= Arleen Day =

Canadian curler

Arleen Marilyn Day (March 7, 1949 – September 4, 2012) was a Canadian curler from Regina, Saskatchewan.

Day was born in Nokomis, Saskatchewan as Arleen Fitzsimmons and grew up in Govan, Saskatchewan. She would later move to Regina to attend business college. She began curling at age 13. In 1982, she skipped her team of Shirley McKendry, Velva Squire and Dorthy Hepper to a provincial championship. At the 1982 Scott Tournament of Hearts, Day and her Saskatchewan rink finished the round robin in a 5-way tie for first place with a 7-3 record. The team beat Alberta's Cathy Shaw in a tie breaker match, but would lose in the semi-final to Nova Scotia's Colleen Jones.

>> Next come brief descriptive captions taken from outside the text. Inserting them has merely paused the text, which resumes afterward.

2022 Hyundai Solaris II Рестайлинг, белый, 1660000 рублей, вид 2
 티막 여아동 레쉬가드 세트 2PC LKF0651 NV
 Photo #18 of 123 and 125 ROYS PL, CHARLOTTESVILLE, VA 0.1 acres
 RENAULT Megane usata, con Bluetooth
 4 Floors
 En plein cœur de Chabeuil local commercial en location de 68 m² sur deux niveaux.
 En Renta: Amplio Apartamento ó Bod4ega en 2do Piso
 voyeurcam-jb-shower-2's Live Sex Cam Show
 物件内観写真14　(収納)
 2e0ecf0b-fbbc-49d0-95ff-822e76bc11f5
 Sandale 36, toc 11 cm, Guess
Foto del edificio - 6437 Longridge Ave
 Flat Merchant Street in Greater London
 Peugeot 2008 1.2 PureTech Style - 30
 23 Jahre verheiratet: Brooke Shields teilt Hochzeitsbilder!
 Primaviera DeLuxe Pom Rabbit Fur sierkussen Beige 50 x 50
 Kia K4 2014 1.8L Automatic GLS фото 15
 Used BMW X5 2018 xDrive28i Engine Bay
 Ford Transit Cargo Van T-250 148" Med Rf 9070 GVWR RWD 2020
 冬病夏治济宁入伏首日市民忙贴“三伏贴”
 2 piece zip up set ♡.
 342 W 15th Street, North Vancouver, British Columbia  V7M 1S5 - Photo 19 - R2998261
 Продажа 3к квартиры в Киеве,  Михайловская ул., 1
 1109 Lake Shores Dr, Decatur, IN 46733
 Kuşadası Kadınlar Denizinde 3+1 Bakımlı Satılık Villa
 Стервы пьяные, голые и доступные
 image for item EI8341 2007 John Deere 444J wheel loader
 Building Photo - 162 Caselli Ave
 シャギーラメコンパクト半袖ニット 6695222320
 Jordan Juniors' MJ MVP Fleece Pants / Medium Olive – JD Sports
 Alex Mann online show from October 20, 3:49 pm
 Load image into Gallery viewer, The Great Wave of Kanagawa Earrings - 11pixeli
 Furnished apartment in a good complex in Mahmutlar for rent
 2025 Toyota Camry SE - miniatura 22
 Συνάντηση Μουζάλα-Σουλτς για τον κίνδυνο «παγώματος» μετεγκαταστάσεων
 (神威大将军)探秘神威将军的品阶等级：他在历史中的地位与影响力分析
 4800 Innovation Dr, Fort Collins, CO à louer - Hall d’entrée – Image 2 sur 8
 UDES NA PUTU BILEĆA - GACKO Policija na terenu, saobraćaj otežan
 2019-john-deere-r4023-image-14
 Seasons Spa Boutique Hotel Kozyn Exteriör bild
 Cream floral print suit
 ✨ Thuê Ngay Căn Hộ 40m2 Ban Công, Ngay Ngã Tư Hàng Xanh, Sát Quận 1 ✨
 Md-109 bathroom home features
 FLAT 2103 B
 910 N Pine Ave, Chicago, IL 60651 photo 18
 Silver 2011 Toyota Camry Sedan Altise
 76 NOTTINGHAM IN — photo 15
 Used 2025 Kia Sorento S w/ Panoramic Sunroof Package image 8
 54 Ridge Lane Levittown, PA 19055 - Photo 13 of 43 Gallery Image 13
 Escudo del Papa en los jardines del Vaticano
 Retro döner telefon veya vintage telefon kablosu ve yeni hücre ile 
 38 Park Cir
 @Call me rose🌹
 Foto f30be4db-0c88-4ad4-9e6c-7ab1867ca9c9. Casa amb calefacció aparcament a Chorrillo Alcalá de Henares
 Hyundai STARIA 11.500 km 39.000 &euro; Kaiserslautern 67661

Day was involved in a car accident in 1984, where she injured her back, and by 1986 she could not continue her curling career, so she turned to officiating the sport. She began officiating in 1989 at the Canadian Junior Curling Championships. She was also an official at the 2010 Winter Olympics and was the head official at the 2008 Scotties Tournament of Hearts.

Outside of curling, Day worked for the Government of Saskatchewan.

Day died from lung cancer in Regina, Saskatchewan at the Pasqua Hospital.